Sherlock wrote:I don't think the third point there makes much sense. Looking at the examples of religious groups (e.g. Evangelical Protestant Churches) who have tried to do that, it ends up as just commodifying and diluting the teachings if it is even successful (in other cases, like Japanese temples using anime, it fails and is rather "try-hard").
Yeah, I've seen that in Japan as well. One even hired a girl to act as a cosplay representative for their temple.
While they don't go the anime route, some Chinese organizations produce products other than icons and books. There are the typical malas and so on, but you also see what I outlined above: mugs, clothing, edibles, etc...
I believe the idea behind it is that they are skilfully engaging in mainstream culture and providing potentially beneficial alternatives (like detergent that is maybe eco-friendly and has some pretty calligraphy on the side of the bottle).
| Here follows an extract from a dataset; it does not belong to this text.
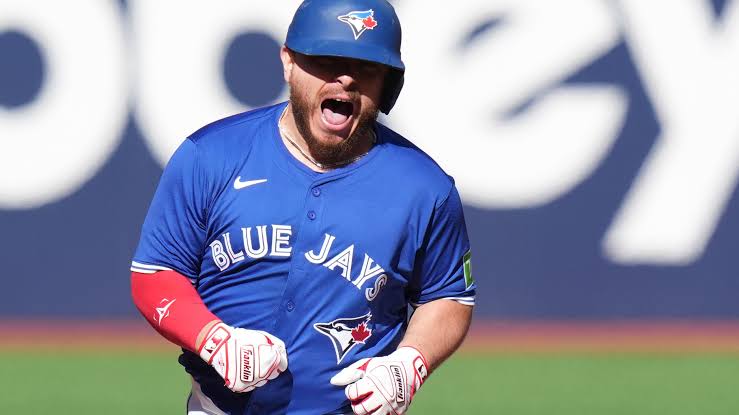 Kirk hits 2 homers, including 1st career slam, as Blue Jays rout Rays 13-4  to clinch AL East title | NEWS10 ABC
I've never seen such things in India or Nepal, perhaps because monasteries are poor and/or don't feel it necessary to hire people specifically to design and market Buddhist themed products. Big temples in Japan sometimes have giftshops, but they're pretty low-key all things considered, even in touristy places like Kyoto and Nara.
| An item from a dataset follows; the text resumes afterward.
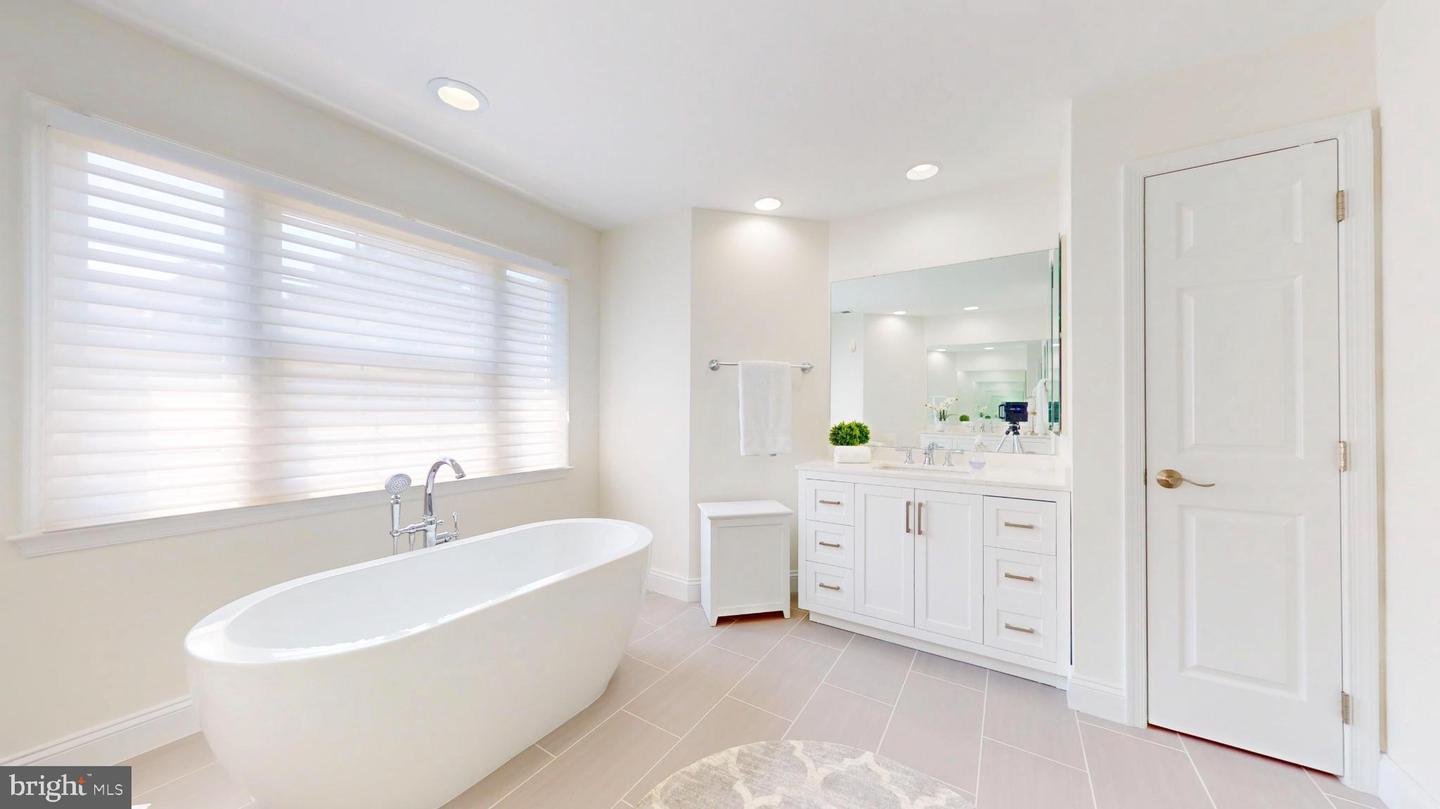 2139 N SCOTT ST, ARLINGTON, Virginia 22209, 3 Bedrooms Bedrooms, 7 Rooms Rooms,2 BathroomsBathrooms,Residential,For sale,2139 N SCOTT ST,VAAR2061612 MLS # VAAR2061612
I think it's undeniable that historically, Buddhism has mostly prospered with either state support or financial support of wealthy patrons.
That's true, but they didn't get their big financing from people buying Buddhisty knick-knacks and so on. I think this is still true today for the most part. I don't think Buddhist themed kids clothes will compete with, say, Disney characters.
For Buddhism (or Buddhist groups) to survive economic contraction in the decades ahead, it should try to avoid mass commercialization projects and to advocate a lifestyle not dependent on globalization.
I agree, but unfortunately not everyone has such ideas. The idea of permanent economic contraction is largely unheard of here in Taiwan for example (and much of Asia likewise hasn't seem to caught on to the trends). There is still a lot of expansionism both locally and abroad (building universities, giant memorial halls, large temples, etc...) in this part of the world. It is all quite capital intensive and no doubt depends on capitalist-industrialism, which is not exactly sustainable or good for the planet.